Harvard and Caltech Will Require Test Scores for Admission
The New York Times
The universities are the latest highly selective schools to end their policies that made submitting SAT or ACT scores optional.
Harvard will reinstate standardized testing as a requirement of admission, the university announced Thursday, becoming the latest in a series of highly competitive universities to reverse their test-optional policies.
Students applying to enter Harvard in fall 2025 and beyond will be required to submit SAT or ACT scores, though the university said a few other test scores will be accepted in “exceptional cases,” including Advanced Placement or International Baccalaureate tests. The university had previously said it was going to keep its test-optional policy through the entering class of fall 2026.

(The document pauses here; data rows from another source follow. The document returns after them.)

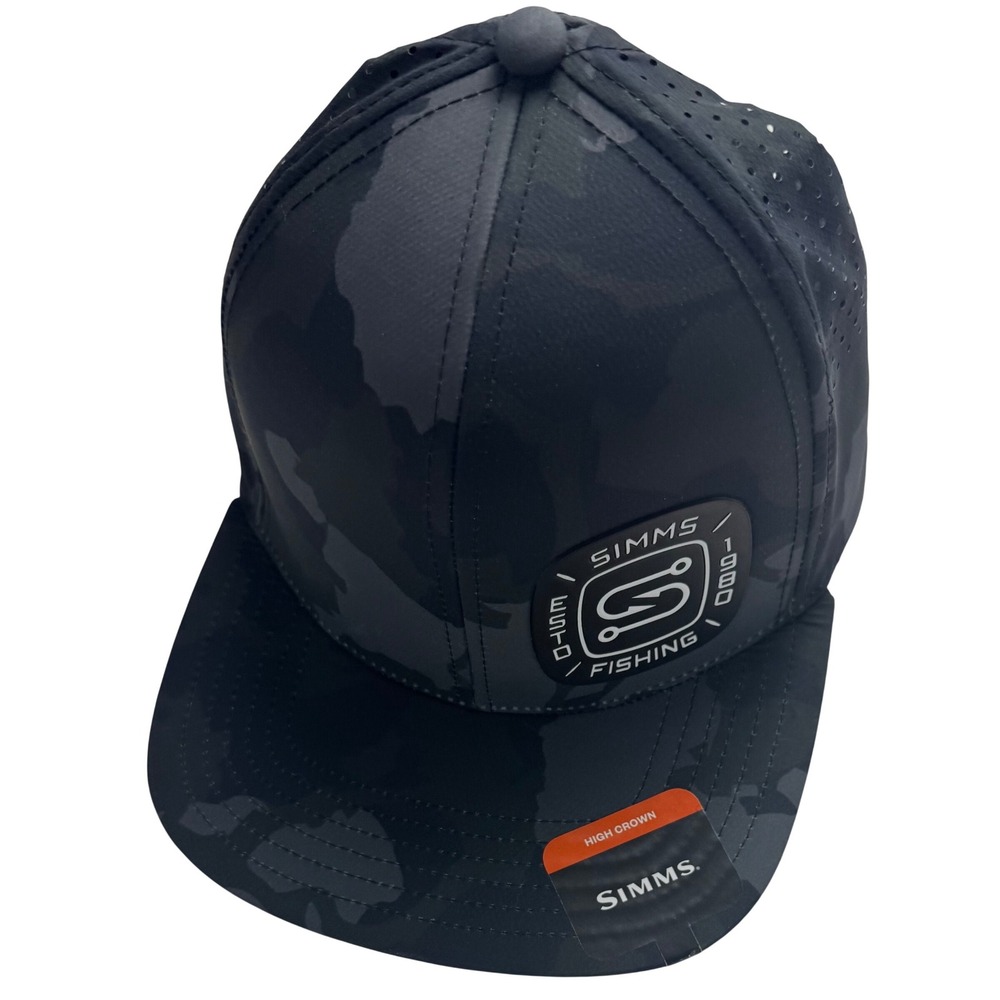 Simms Hooked Trucker Hat Regiment Camo Carbon High Crown Fishing Cap NEW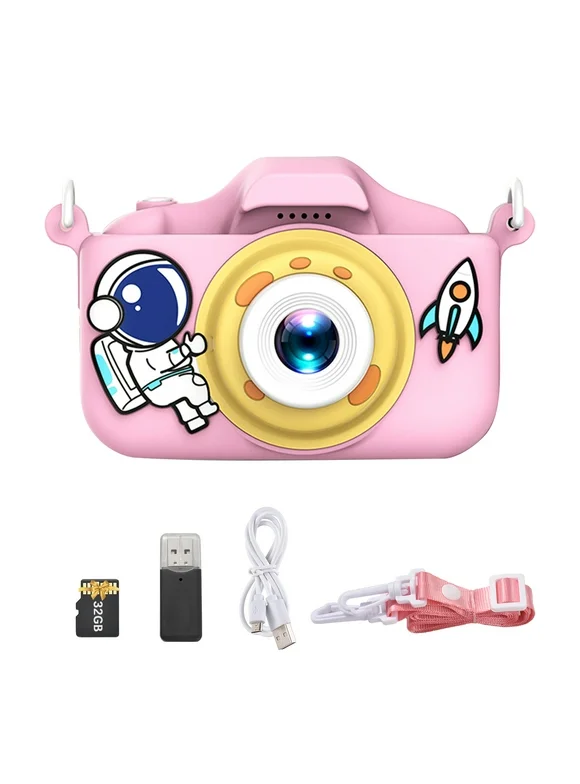 Andoer Cartoon Kids Camera Kids Digital Camera for Boys And Girls with Dual Lenses 2-inch IPS Screen 32GB Extended Memory 20 Megapixels Resolusion 1920P Video Camcorder 32GB Memory Card & Ca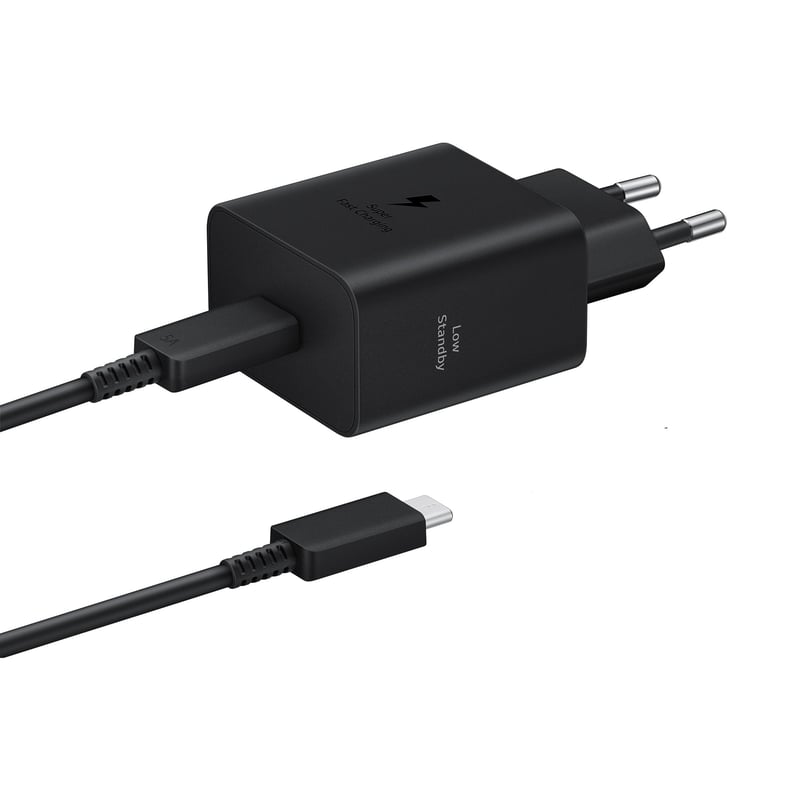 Adaptor Încărcător Rapid Samsung EP-T4511X 45W USB-C cu Cablu de Date, Compatibil cu Dispozitive de la Alți Producători, Negru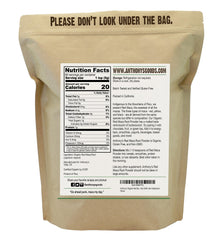 Anthony's Organic Red Maca Powder with scoop highlights gluten-free and non-GMO formula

Within hours of Harvard’s announcement, Caltech, a science and engineering institute, also said it was reinstating its testing requirements for students applying for admission in fall 2025.
The schools had been among nearly 2,000 colleges across the country that dropped test score requirements over the last few years, a trend that escalated during the pandemic when it was harder for students to get to test sites.
Dropping test score requirements was widely viewed as a tool to help diversify admissions, by encouraging poor and underrepresented students who had potential but did not score well on the tests to apply. But supporters of the tests have said without scores, it became harder to identify promising students who outperformed in their environments.
In explaining its decision to accelerate the return to testing, Harvard cited a study by Opportunity Insights, which found that test scores were a better predictor of academic success in college than high school grades and that they can help admissions officers identify highly talented students from low income groups who might otherwise had gone unnoticed.